California is bound to become
A water battleground
A fluid prism prison where the wealthy
And the corporate “persons” starve
The non-corporate people into being
Non-corporeal victims of the greed
Wars over water.
Where golf triumphs over gardens.
--Catt Foy, 2014

 
 

Mount Shasta

Mount Shasta, California has loomed in my mind as a long-yearned-for sacred place since the 1980s.  One of my first bookstores was the Golden Bough in Mt. Shasta.  Missie Gillespie was the manager or owner, I can't remember which, but she has stayed in my mind all these years.  I never met her, only talked to her on the phone.  In fact, she was one of the last orders I filled for Psycards before my divorce in 1991 and in the end I sent her the last decks I had when I had to move to a small apartment, and US Games had taken over the Psycards business.  A sad time in my life during which I lost everything that had defined my life. 

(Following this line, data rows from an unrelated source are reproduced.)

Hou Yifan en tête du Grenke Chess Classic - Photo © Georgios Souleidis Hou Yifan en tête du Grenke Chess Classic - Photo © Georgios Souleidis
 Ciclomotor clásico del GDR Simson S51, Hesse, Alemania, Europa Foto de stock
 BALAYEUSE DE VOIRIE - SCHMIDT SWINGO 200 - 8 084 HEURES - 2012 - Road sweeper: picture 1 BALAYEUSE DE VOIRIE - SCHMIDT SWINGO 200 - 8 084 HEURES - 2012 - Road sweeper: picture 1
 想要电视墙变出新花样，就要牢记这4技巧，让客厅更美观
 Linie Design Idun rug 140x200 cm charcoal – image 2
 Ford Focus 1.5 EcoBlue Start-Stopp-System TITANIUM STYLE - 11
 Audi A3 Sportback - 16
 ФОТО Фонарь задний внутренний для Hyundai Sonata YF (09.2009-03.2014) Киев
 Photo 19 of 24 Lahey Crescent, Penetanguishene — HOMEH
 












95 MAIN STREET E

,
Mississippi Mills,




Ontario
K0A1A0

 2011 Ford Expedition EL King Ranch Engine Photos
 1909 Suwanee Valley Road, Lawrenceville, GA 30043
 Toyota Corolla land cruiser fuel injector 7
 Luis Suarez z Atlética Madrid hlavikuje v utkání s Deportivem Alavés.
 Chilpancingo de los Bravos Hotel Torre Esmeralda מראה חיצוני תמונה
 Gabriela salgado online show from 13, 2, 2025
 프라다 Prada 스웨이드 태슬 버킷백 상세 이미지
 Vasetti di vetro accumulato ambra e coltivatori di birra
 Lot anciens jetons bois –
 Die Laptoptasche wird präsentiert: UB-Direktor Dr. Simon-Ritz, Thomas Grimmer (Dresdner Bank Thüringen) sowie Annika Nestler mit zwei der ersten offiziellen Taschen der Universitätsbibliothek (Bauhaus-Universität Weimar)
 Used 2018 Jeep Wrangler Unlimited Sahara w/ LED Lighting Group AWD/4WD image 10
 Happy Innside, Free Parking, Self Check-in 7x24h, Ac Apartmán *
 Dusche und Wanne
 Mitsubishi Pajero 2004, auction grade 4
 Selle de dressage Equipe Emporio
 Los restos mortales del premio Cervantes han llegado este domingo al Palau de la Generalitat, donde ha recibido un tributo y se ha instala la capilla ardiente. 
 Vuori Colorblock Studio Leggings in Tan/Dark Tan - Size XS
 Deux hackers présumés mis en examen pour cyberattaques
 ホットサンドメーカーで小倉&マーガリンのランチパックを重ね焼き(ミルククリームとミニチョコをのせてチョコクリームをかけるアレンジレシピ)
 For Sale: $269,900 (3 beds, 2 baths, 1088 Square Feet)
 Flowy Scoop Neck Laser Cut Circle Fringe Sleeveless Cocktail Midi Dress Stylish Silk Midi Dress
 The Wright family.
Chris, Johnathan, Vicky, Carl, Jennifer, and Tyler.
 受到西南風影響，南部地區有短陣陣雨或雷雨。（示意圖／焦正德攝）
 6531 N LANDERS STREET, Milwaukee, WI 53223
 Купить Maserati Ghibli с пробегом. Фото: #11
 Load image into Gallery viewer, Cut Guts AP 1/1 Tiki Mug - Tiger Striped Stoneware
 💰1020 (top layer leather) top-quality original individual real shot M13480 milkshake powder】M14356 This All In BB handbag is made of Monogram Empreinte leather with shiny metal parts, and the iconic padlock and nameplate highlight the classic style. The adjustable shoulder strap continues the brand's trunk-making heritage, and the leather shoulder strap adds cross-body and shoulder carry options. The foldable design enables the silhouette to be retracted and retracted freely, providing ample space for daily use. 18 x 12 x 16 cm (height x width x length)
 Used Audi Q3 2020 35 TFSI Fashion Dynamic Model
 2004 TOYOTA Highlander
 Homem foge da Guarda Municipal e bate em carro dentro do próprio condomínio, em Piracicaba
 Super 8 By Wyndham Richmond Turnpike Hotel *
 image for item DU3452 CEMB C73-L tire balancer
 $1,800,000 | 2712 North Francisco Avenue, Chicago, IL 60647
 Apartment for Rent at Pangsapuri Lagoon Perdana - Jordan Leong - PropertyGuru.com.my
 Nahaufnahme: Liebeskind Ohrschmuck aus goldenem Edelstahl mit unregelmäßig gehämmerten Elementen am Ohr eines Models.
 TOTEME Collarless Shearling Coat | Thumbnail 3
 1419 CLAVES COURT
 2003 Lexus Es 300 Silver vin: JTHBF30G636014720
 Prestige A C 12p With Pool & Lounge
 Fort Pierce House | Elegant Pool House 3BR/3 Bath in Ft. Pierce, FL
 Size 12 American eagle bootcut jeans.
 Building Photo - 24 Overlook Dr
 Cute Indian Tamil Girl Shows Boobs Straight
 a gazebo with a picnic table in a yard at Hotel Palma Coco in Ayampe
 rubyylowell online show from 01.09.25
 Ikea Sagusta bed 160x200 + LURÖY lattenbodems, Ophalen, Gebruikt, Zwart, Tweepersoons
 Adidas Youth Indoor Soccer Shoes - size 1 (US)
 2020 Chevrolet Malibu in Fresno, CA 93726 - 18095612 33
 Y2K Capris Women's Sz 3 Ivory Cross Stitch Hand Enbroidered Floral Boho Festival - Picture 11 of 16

After 25 years of yearning, I was on my way to Mount Shasta and I began to feel her presence even before I could see her. I felt her strong Mother Energy, her otherworldy connections and I felt as though I was on a pilgrimage to the Sacred Mountain.

It began with tiny glimpses of white on the horizon--is that a cloud or a mountain?  No, it's a mountain, definitely a mountain.  Is that Mount Shasta?  It has to be, I determined as I consulted my maps.





At last we were in the presence of the Mother Mountain.  I could feel other energy connections to this place--as if it were a hub from which other energy lines radiated to other mystical places.  It felt very strongly like it linked back in time, too, back in time and to the West, to the ancient Lemurians, perhaps, to the star people, to some lost place of human history.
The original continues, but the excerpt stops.